Devido à progressão do câncer, que dificultava sua alimentação e ameaçava sua vida, os veterinários do Zoológico de Chester decidiram por uma abordagem inovadora. Como a cirurgia convencional provavelmente não seria suficiente para eliminar o tumor recorrente, foi planejada uma combinação de cirurgia com eletroquimioterapia, procedimento que foi realizado com sucesso após uma anestesia de aproximadamente 90 minutos. Para garantir a estabilidade térmica do animal durante a operação, a equipe utilizou cobertores aquecidos e fluxo de ar quente.
Funcionamento da eletroquimioterapia
A técnica de eletroquimioterapia consiste na aplicação de pulsos elétricos curtos e intensos, que aumentam temporariamente a permeabilidade das células cancerígenas, facilitando a entrada de medicamentos quimioterápicos no tecido afetado. Essa combinação potencializa a ação do tratamento, promovendo a destruição das células tumorais de forma mais eficaz. O método, que teve início na década de 1990 para uso em humanos, também foi adaptado para a medicina veterinária, sendo empregado no tratamento de cães, gatos e outros animais.

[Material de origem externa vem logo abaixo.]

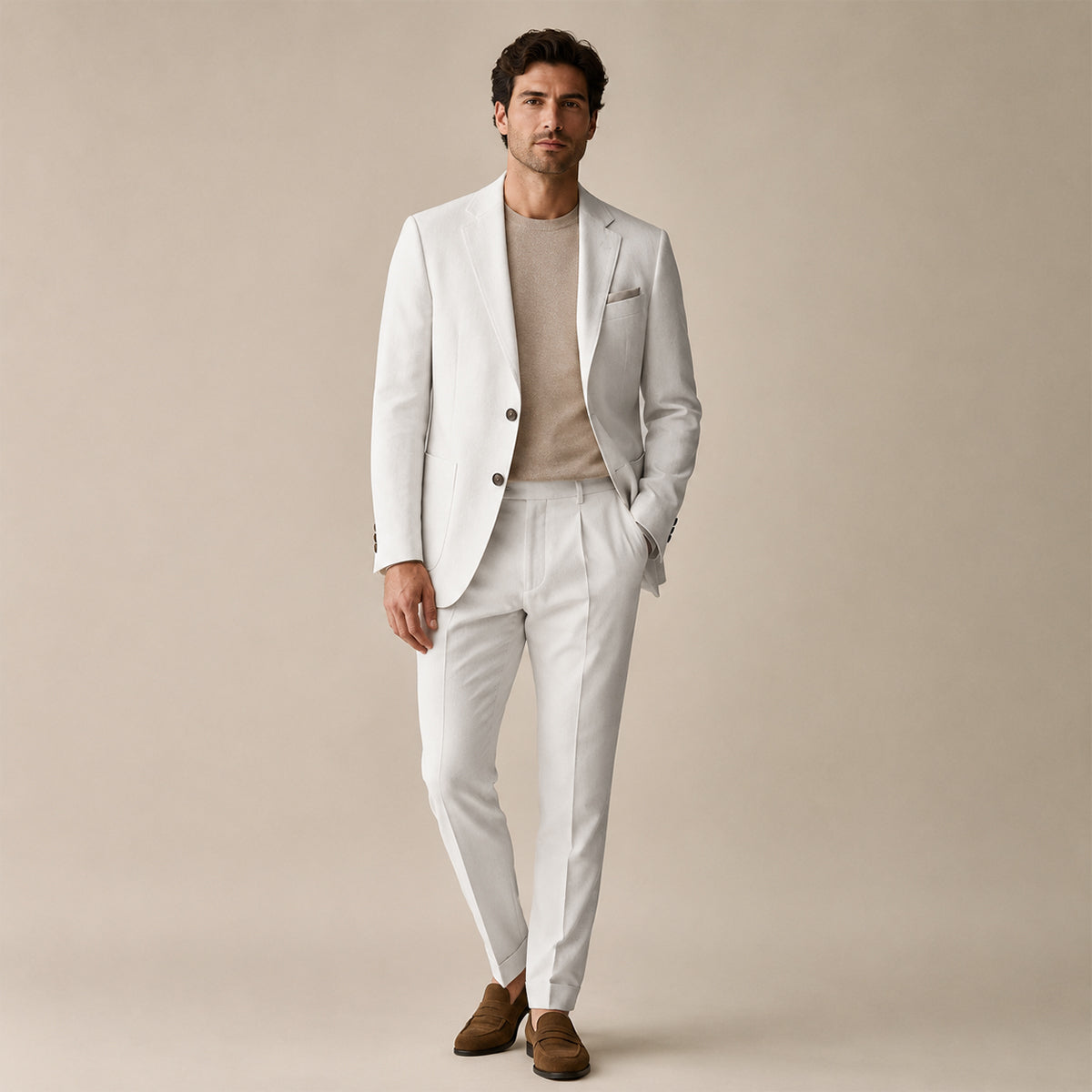 White slim fit business suit set on model, blazer and tapered trousers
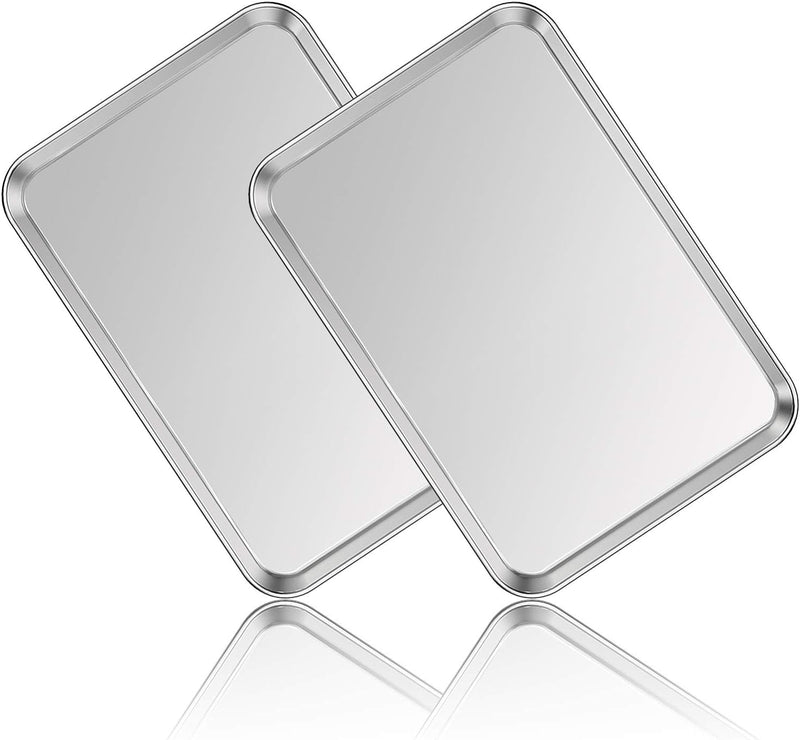 Stainless Steel Baking Sheet Set - 2 Pack Non-Toxic  Heavy Duty Mirror Finish 12x10x1 Dishwasher Safe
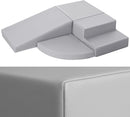 4-Piece PU Leather Baby Foam Climbing Blocks for Toddlers - Soft Play Climbing Toys for Toddlers - Foam Climbing Set for Crawling and Sliding Indoor (Gray) by TinyTreasures Baby Boutique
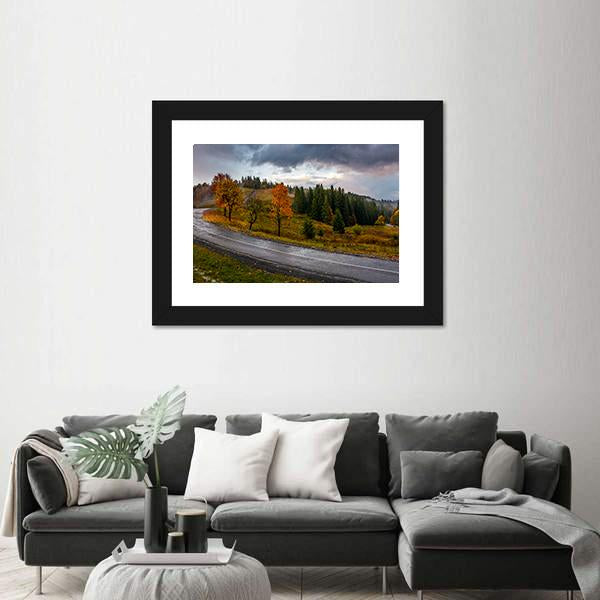 Road Through Autumn Forest Canvas Wall Art-5 Horizontal-Gallery Wrap-22" x 12"-Tiaracle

No caso de Jodie Foster, o tamanho do réptil exigiu uma adaptação do procedimento padrão. A cobra foi acomodada sobre duas mesas cirúrgicas unidas, devido ao seu peso de aproximadamente 50 quilos e comprimento de 4,5 metros. Após a anestesia, os veterinários removeram parte da mandíbula afetada e aplicaram um medicamento quimioterápico na área residual. Em seguida, inseriram pequenos eletrodos metálicos no tecido e aplicaram pulsos elétricos, procedimento que ajuda a romper as células cancerígenas e aumenta a absorção do medicamento.
Recuperação e impacto do procedimento
Após a intervenção, Jodie Foster apresentou rápida cicatrização da ferida, retomou a alimentação normal e voltou a ganhar peso. Segundo o zoológico, o animal recuperou seu comportamento habitual, demonstrando-se vibrante e enérgico. A equipe veterinária considerou o procedimento bem-sucedido, destacando que a eletroquimioterapia é uma técnica emergente, e que esta foi a primeira vez que foi aplicada em uma cobra.
O veterinário da Universidade de Liverpool, Jose Alvarez Picornell, que auxiliou na elaboração do tratamento, afirmou que o sucesso do caso não só beneficiou Jodie Foster, mas também contribuirá com o avanço da comunidade veterinária. Ele destacou que os detalhes do procedimento serão publicados para que profissionais de todo o mundo possam estudá-lo e aprimorá-lo, ampliando as possibilidades de tratamento de tumores em répteis e outros animais que não respondem bem às cirurgias convencionais.
Este caso representa um avanço na medicina veterinária, especialmente na oncologia de répteis, e indica que a eletroquimioterapia pode se tornar uma alternativa viável para casos complexos de câncer em animais de grande porte, oferecendo esperança de cura em situações anteriormente consideradas de difícil manejo.